Se entiende por disuasión cuando una pena (cárcel, multa o pena de muerte en este caso) produce un efecto psicológico en la sociedad, es decir “si yo hago algo considerado malo por la sociedad, me castigarán”. Pero, para que ello surta efecto, su aplicación debe ser lo suficientemente frecuente para dar el mensaje (por eso que la mayoría no roba, porque sabe que si lo atrapan, lo procesarán ya que hay muchos ejemplos), sin embargo, la pena de muerte no tiene la suficiente frecuencia, por su carácter de pena máxima, como para ser disuasiva. Para ello, tendría que aplicarse a destajo y matar a cientos de personas para causar el efecto psicológico disuasivo. Esto en la práctica consiste en aterrorizar a la población, como pasa en Filipinas o Singapur con su aplicación, en que las policías antidrogas matan sin necesidad de debido proceso (juicio) a quienes encuentran en delitos de narcotráfico, lo que se ha prestado para abusos en que la policía tiene derecho a matar sin justificarse.
Sobre esto, bien viene recordar que el concepto “terrorismo”, viene del terror, el cual era causado por el Estado francés post revolución al cortar la cabeza a todo lo que sonara a pensamiento “peligroso”, esto causa que su aplicación sea brutal e indiscriminada, porque se presta para vulneraciones a los DDHH (que todos tenemos por el hecho de ser humanos y no admite excepciones en términos generales) y porque estas medidas suelen volverse contra el ideal de justicia que se dice perseguir. Ante lo dicho, deberíamos suponer que ningún país civilizado apuntaría sus expectativas de un debido proceso, a un sistema penal que mate sin miedo al error y a un gran número de delincuentes, generando así una sistematización del terror.
Luego, se debe considerar que cuando los jueces cometen errores, cuestión que ocurre de manera no tan infrecuente, existe la posibilidad de revisar la sentencia cuando hay nuevos antecedentes, los que, en el caso de demostrar el error, o probar la inocencia de una persona privada de libertad, se puede reparar el daño liberándola, pero si la persona fue ejecutada, no existe la posibilidad de revivirla. Por ende es un castigo definitivo, sin posibilidad de enmienda.
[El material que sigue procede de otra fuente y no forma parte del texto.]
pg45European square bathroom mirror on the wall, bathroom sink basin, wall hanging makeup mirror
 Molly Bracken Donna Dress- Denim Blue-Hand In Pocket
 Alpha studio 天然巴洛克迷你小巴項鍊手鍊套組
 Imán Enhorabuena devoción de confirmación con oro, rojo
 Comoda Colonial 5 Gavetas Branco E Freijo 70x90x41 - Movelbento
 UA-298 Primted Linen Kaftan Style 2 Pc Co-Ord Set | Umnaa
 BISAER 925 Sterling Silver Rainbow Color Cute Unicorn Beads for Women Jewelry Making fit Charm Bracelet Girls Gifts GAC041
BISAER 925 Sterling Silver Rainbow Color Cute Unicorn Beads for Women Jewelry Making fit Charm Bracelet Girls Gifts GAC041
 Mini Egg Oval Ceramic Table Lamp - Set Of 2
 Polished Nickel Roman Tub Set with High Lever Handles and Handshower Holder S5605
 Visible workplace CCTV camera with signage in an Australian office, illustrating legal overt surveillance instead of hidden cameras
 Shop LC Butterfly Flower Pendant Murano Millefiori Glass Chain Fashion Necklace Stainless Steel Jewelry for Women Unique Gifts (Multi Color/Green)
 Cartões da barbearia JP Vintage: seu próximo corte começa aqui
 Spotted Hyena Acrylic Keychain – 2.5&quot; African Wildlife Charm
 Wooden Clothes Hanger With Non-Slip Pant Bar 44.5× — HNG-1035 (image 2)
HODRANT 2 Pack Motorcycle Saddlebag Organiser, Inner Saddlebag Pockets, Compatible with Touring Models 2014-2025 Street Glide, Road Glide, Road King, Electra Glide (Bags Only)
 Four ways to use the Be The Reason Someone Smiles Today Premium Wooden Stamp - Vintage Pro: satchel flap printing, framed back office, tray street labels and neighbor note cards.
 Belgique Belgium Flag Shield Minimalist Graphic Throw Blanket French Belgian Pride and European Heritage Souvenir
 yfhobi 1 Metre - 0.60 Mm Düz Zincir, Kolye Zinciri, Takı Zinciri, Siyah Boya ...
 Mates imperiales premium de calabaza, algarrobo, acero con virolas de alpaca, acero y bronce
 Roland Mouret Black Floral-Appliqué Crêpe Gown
Finalmente, es comprensible el dolor que sentimos como sociedad al ver estos casos, y es razonable sentir frustración antes los hechos, y que las ganas de resolver el tema por mano propia surjan, extraño sería si no tuviéramos esa sensibilidad. Sin embargo, el Estado no puede regular estas políticas criminales de manera visceral, basado en sentimientos, se debe hacer de manera estudiada y técnica, puesto que el Estado de Derecho y el debido proceso han sido derechos que nos hemos ganado como sociedad y que nos han costado siglos de desarrollo como civilización el derecho a la vida, establecido en nuestra Constitución, por lo que no puede caerse en la contradicción atentar contra ese derecho institucionalmente. No podemos, si pretendemos seguir avanzando, caer en el discurso de la venganza, aunque la maquillemos de justicia pues, si ante la bestialidad respondemos con salvajismo, nada nos diferenciará al final de aquellos a quienes, con justa razón, hemos llamado monstruos.